In the letter highlighted by Dr Michael Siegel, which should have been headlined ‘What planet is she on? Oh right’. Dr Enid Neptune wrote: "As a physician who treats patients devastated by tobacco-caused lung disease, I was concerned by the Aug. 5 editorial “Breaking nicotine’s grip” which embraced Food and Drug Administration Commissioner Scott Gottlieb’s plan for regulating tobacco products. The commissioner seems unconcerned about switching one form of nicotine addiction with another. Nicotine in any form is bad for your health, adversely affecting neurological and cardiovascular systems and reproductive health. Evidence shows that nicotine can be a gateway drug. ... The FDA’s job is to protect youths from all types of tobacco and nicotine addiction, not to negotiate which types of nicotine addiction it will allow."

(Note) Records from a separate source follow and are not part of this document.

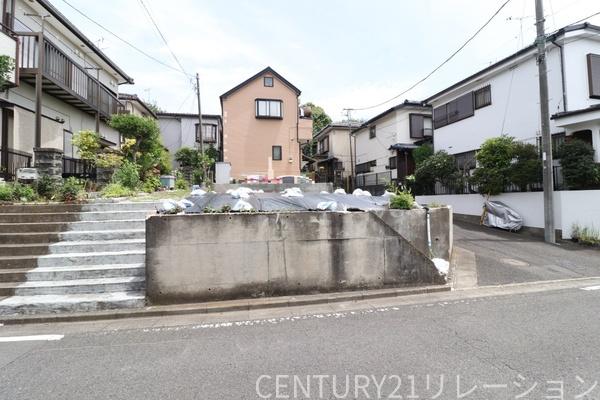 大和市渋谷3丁目　売地　建築条件なし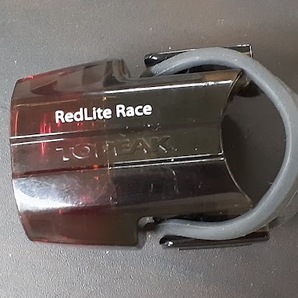 BP0403-08 Red Lite Race＆自転車用充電式テールライト TOPEAK GIANT 2個セットの画像2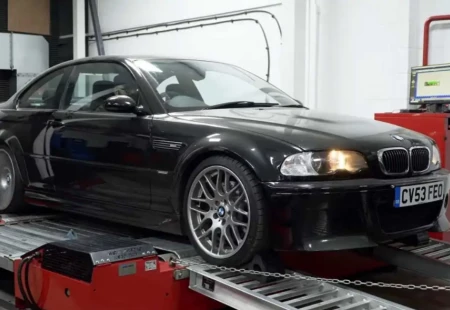 BMW M3 CSL Dyno Testinden Tam Not Aldı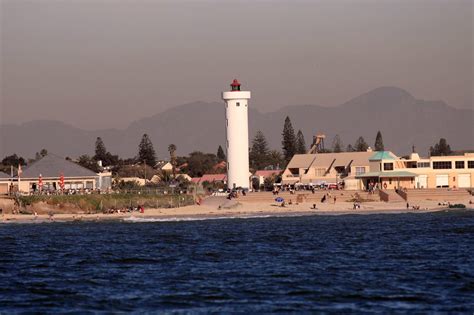 Iconic Milnerton Lighthouse in Cape Town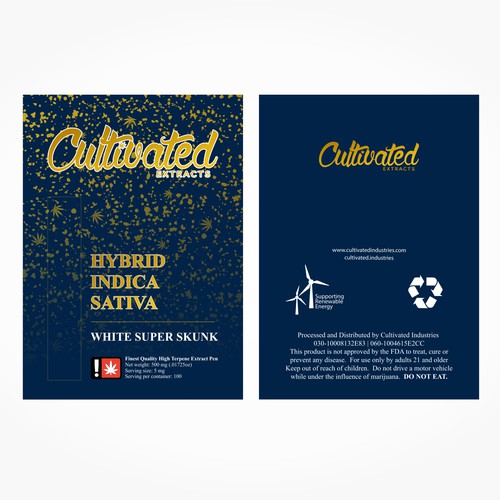 Simple package for vape pen Design by buds78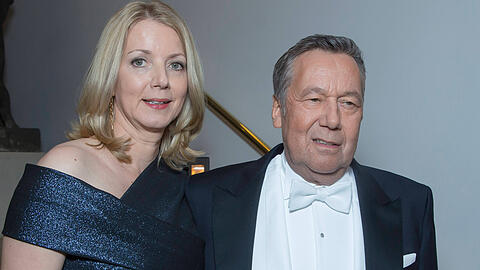 Silvia und Roland Kaiser sind seit 1996 verheiratet.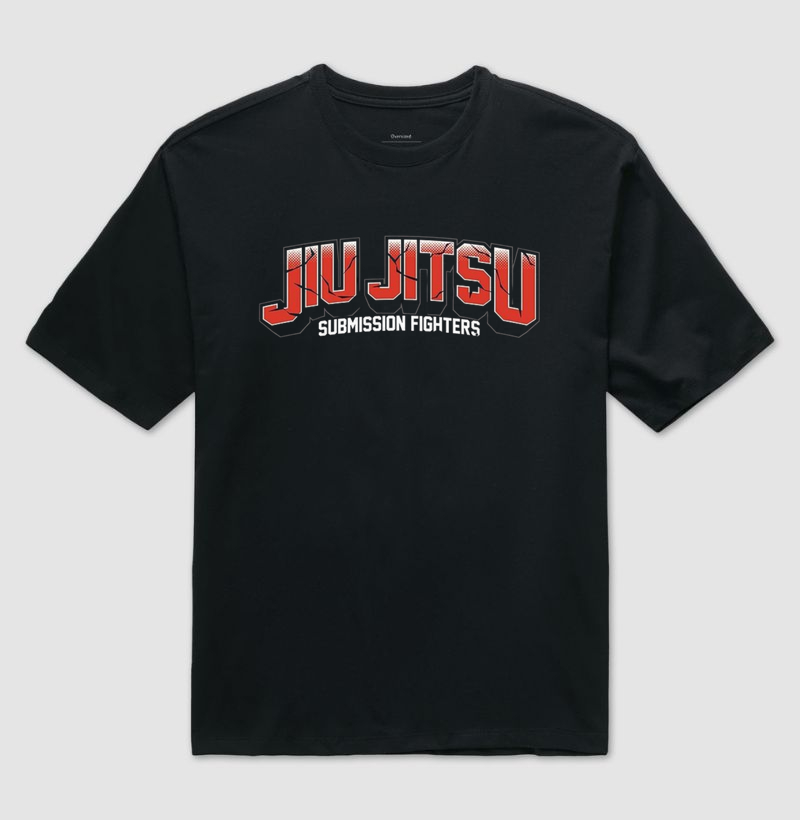 camisa over jiu jitsu sub fighters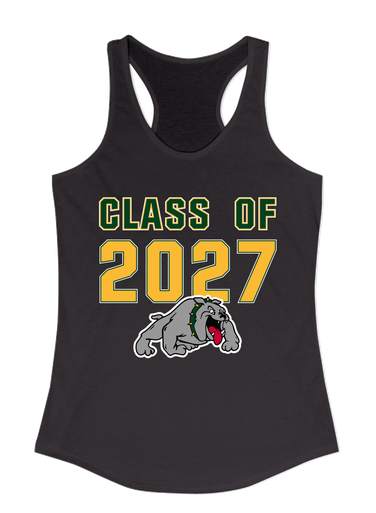 Whitefish Bulldogs Class of 2027 Women's Tank Top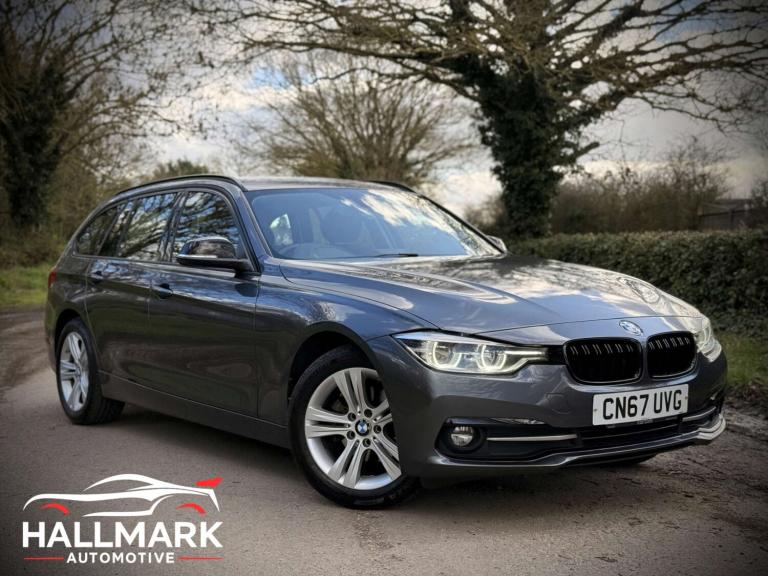 2017 BMW 3 Series 1.5 318i Sport 5dr Estate Petrol Manual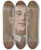 Triptych art skateboard deck of Milan Thomka Mitrovsk Tefan Letz by Milan Thomka Mitrovsky (1875-1943)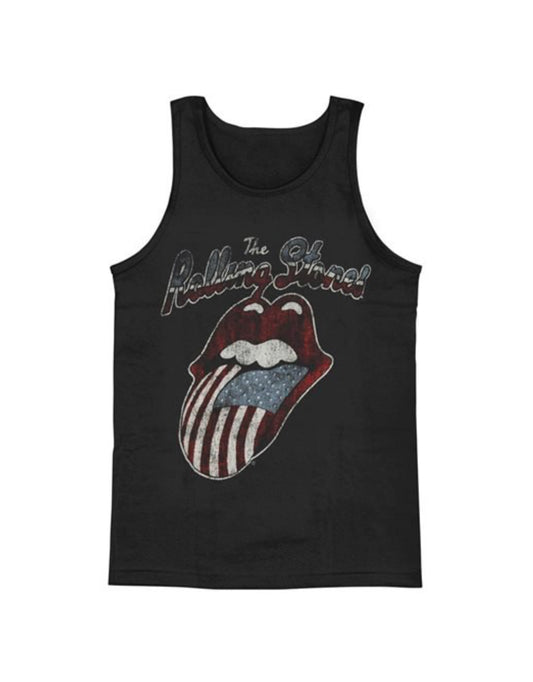 Rolling Stones American Tour 78 Men’s Fit Tank Top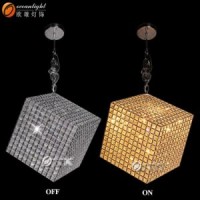 Crystal Ceiling Light Chandelier Parts Lighting (OM55003)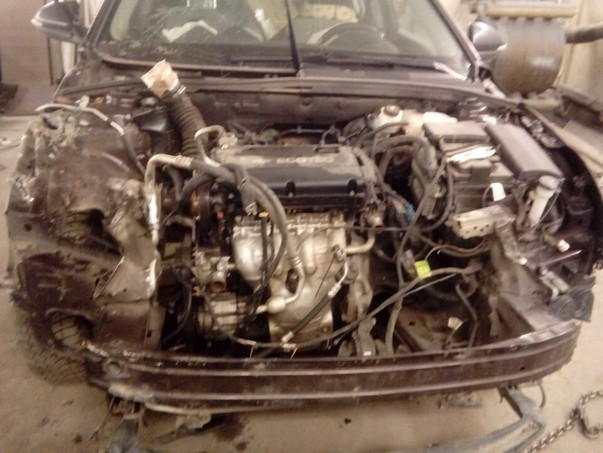 Кузовной ремонт Chevrolet Cruze Hatchback 2019 – 14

https://www.washingtonpost.com/opinions/the-fdas-new-plans-could-just-switch-one-form-of-nicotine-addiction-for-another/2017/08/09/b918922e-7bb8-11e7-b2b1-aeba62854dfa_story.html?utm_term=.2ef838b2b23f

Dr Siegel goes on to comment, “Opiates in any form are bad for your health, adversely affecting neurological and cardiovascular systems and reproductive health. Evidence shows that opiates can be a gateway drug and there is a great risk of overdose with any opiate. The job of physicians is to protect people from all types of opiate addiction, not to negotiate which types of opiate addiction they will allow. OK - I was being facetious”. Except this is very much the view of a substantial slice of those working in the drug addiction treatment field across the world together with national governments, politicians, anti-drug campaign groups and just about anybody who refutes the idea that opiate substitute therapy is a valid harm reduction intervention which incidentally is backed by a stack of international clinical evidence.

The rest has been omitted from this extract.